> YOUR GOAL: The lines from the one containing "We Are The Future" through the final line of the listing below are what the answer must repeat, exactly and only, leaving pictures out.

> THE DATA:
********************

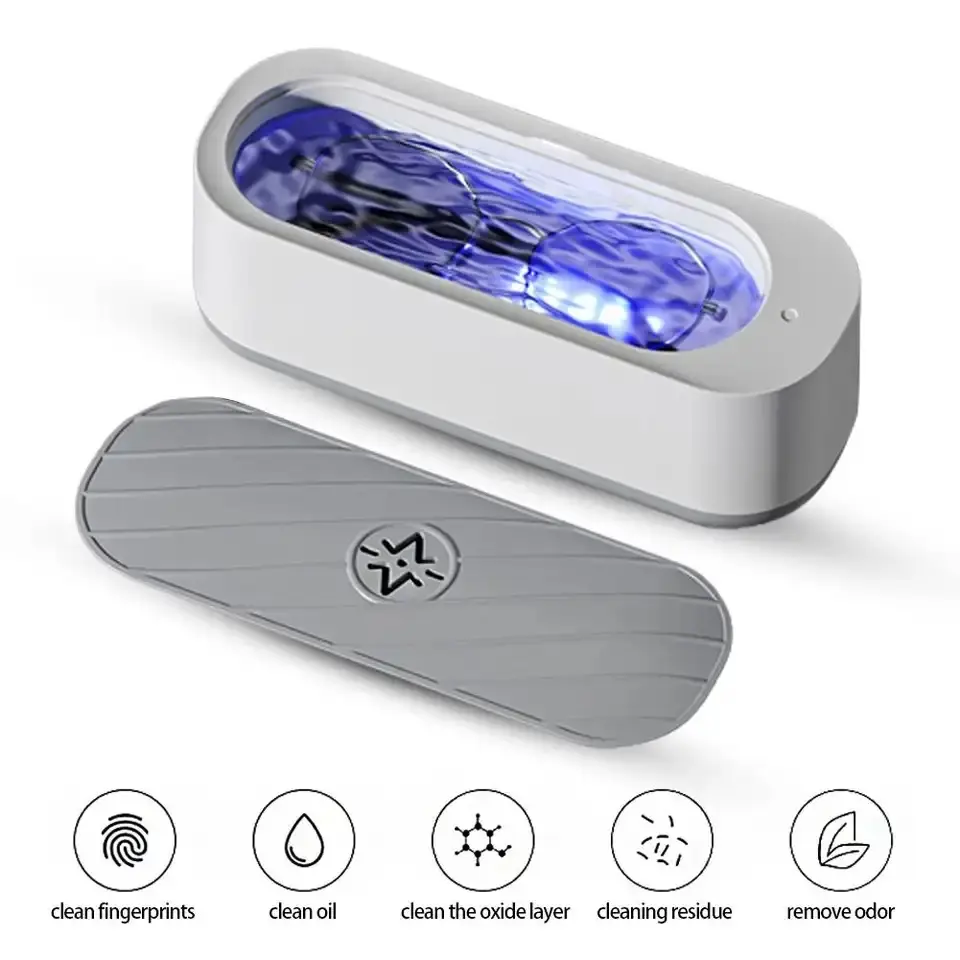 ULTRA POD CLEANER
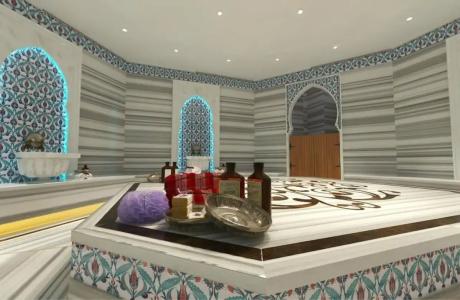 Doubletree By Hilton Elazig - 9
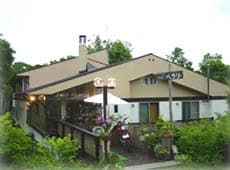 ペンション ベラリー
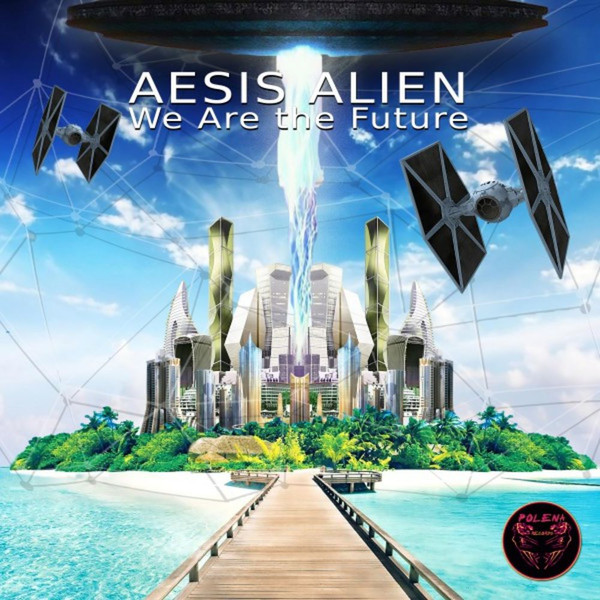 We Are The Future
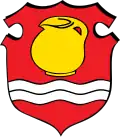 Coat of arms of Hafenlohr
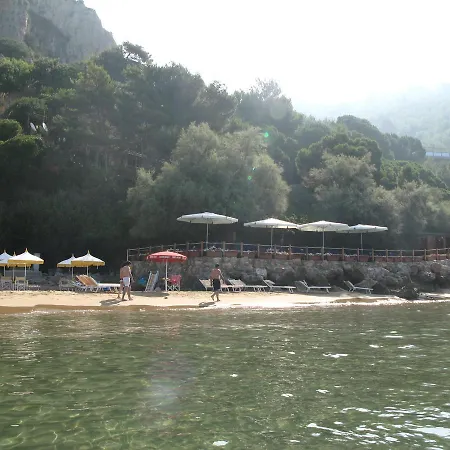Club Torre Capovento Sperlonga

********************

> SOLVED PROBLEM:
 We Are The Future
 Coat of arms of Hafenlohr
Club Torre Capovento Sperlonga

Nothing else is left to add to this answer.